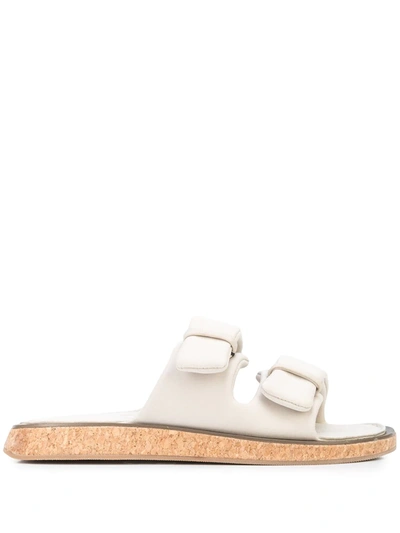 Shop Rag & Bone Parque Suede Slides In Grau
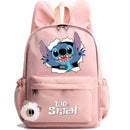 MINISO Disney Lilo Stitch Backpack for Girl Boy Student Teenager Children Rucksack Women Casual School Bags Kids Birthday Gift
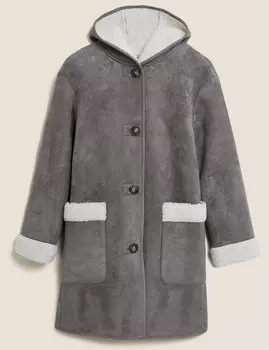 Пальто из искусственной овчины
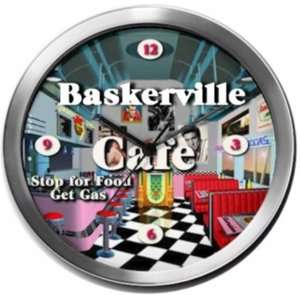   BASKERVILLE 14 Inch Cafe Metal Clock Quartz Movement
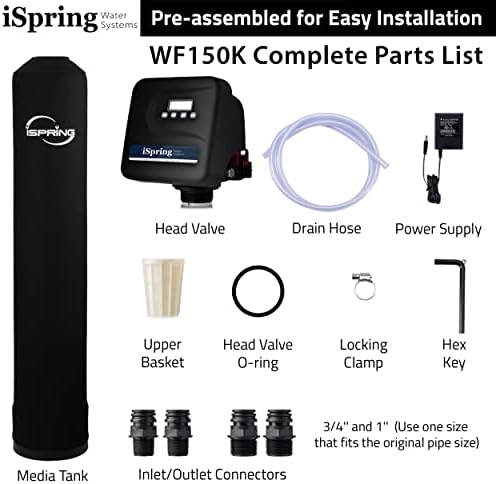 iSpring WF150K Whole House Central Water Filtration System with Set and Forget Smart Valve, Up to 10 Years - Image 6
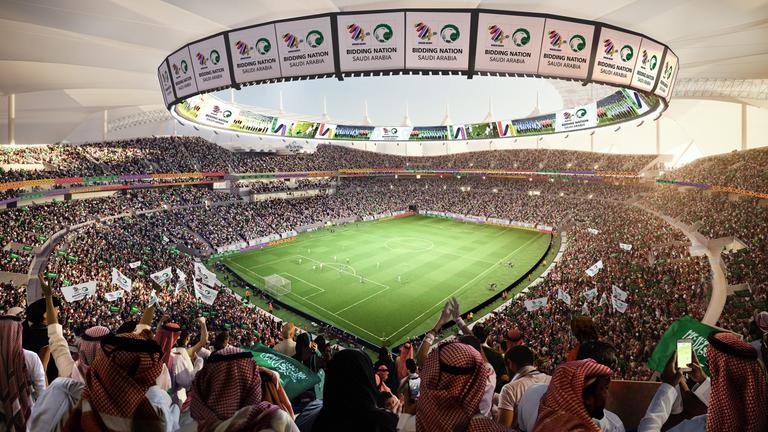 Das King Fahad Sports City Stadium in Riad soll Platz für 70.200 Menschen haben. | Medienfotos "Saudi 2034 bid" Das King Fahad Sports City Stadium in Riad soll Platz für 70.200 Menschen haben.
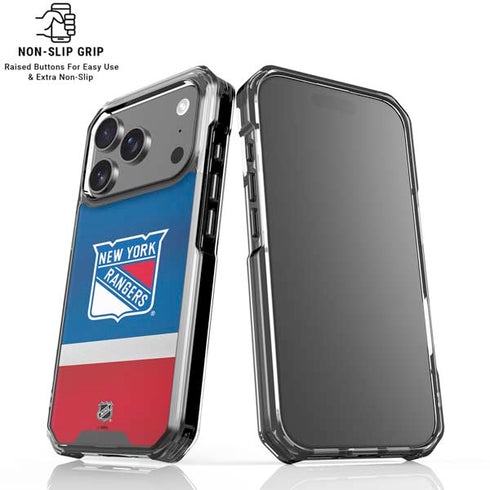 NHL New York Rangers Jersey iPhone 18 Pro Clear Case
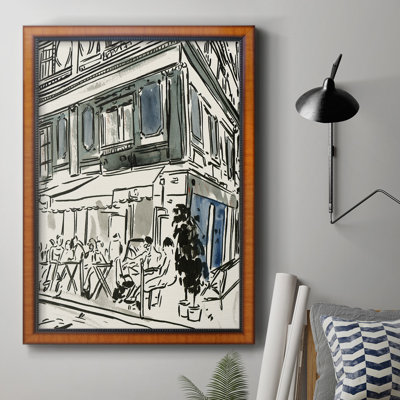 «AUCoin de larue I», toile encadrée de qualité supérieure, prête à être accrochée
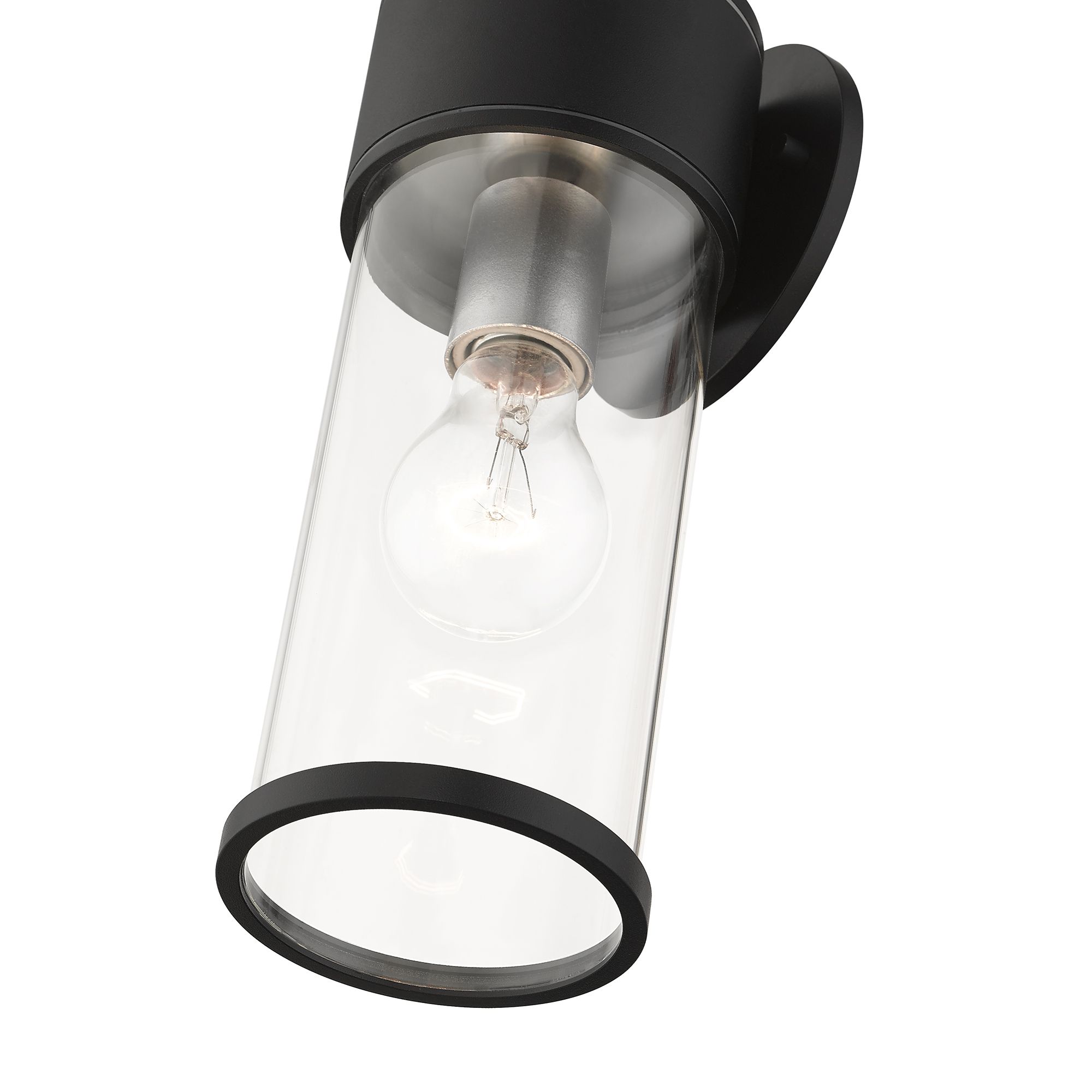 Atlantic 1 Light Textured Black Outdoor Medium Wall Lantern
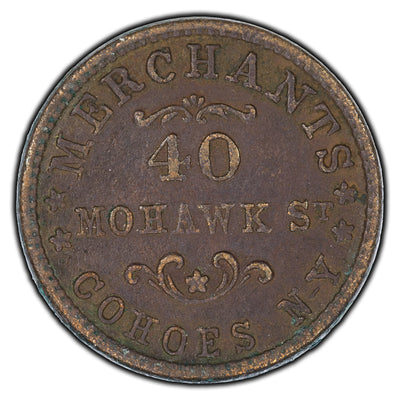 SOLD United States 1863 40 Mohawks Civil War Token NY #140a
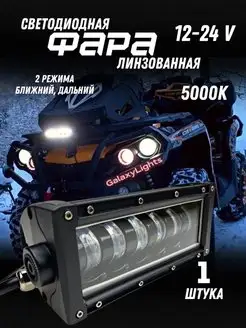 Светодиодная линзованная Фара ближний дальний 12-24V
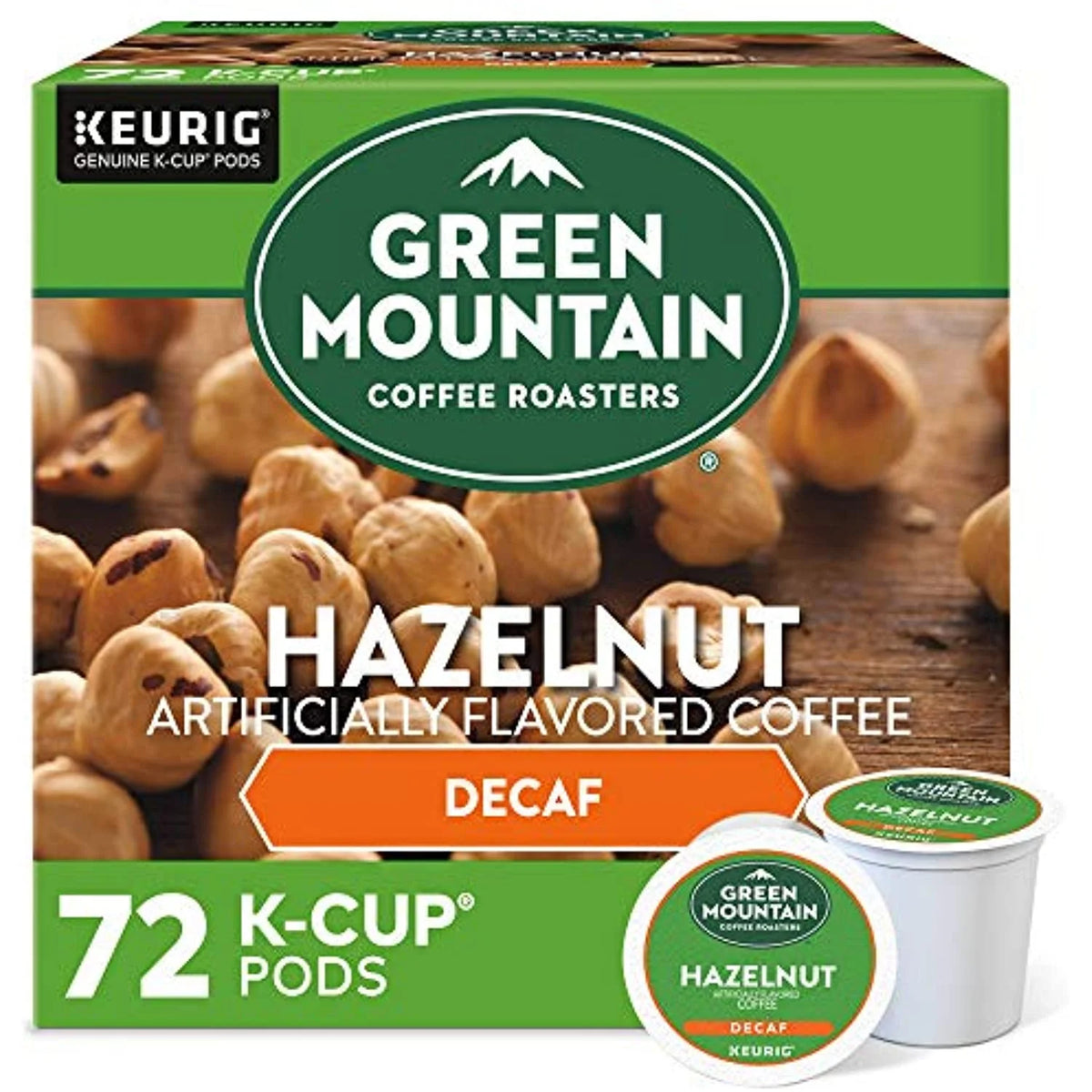 Decaf Hazelnut Single Serve Coffee K-Cup Pod, 72 Count S816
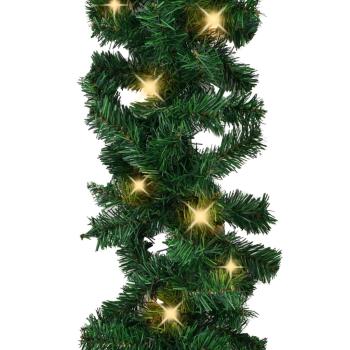 ARDEBO.de - Weihnachtsgirlande mit LED-Lichtern 10 m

----------------------------------------

#### EXERCISE INSTRUCTIONS
Return every entry above exactly as written, minus the pictures.

#### EXPECTED ANSWER
 Shop Rag & Bone Parque Suede Slides In Grau
 MINISO Disney Lilo Stitch Backpack for Girl Boy Student Teenager Children Rucksack Women Casual School Bags Kids Birthday Gift
 Пальто из искусственной овчины
   BASKERVILLE 14 Inch Cafe Metal Clock Quartz Movement
 iSpring WF150K Whole House Central Water Filtration System with Set and Forget Smart Valve, Up to 10 Years - Image 6
 Das King Fahad Sports City Stadium in Riad soll Platz für 70.200 Menschen haben. | Medienfotos "Saudi 2034 bid" Das King Fahad Sports City Stadium in Riad soll Platz für 70.200 Menschen haben.
 NHL New York Rangers Jersey iPhone 18 Pro Clear Case
 «AUCoin de larue I», toile encadrée de qualité supérieure, prête à être accrochée
 Atlantic 1 Light Textured Black Outdoor Medium Wall Lantern
 SOLD United States 1863 40 Mohawks Civil War Token NY #140a
 Светодиодная линзованная Фара ближний дальний 12-24V
 Decaf Hazelnut Single Serve Coffee K-Cup Pod, 72 Count S816
 ARDEBO.de - Weihnachtsgirlande mit LED-Lichtern 10 m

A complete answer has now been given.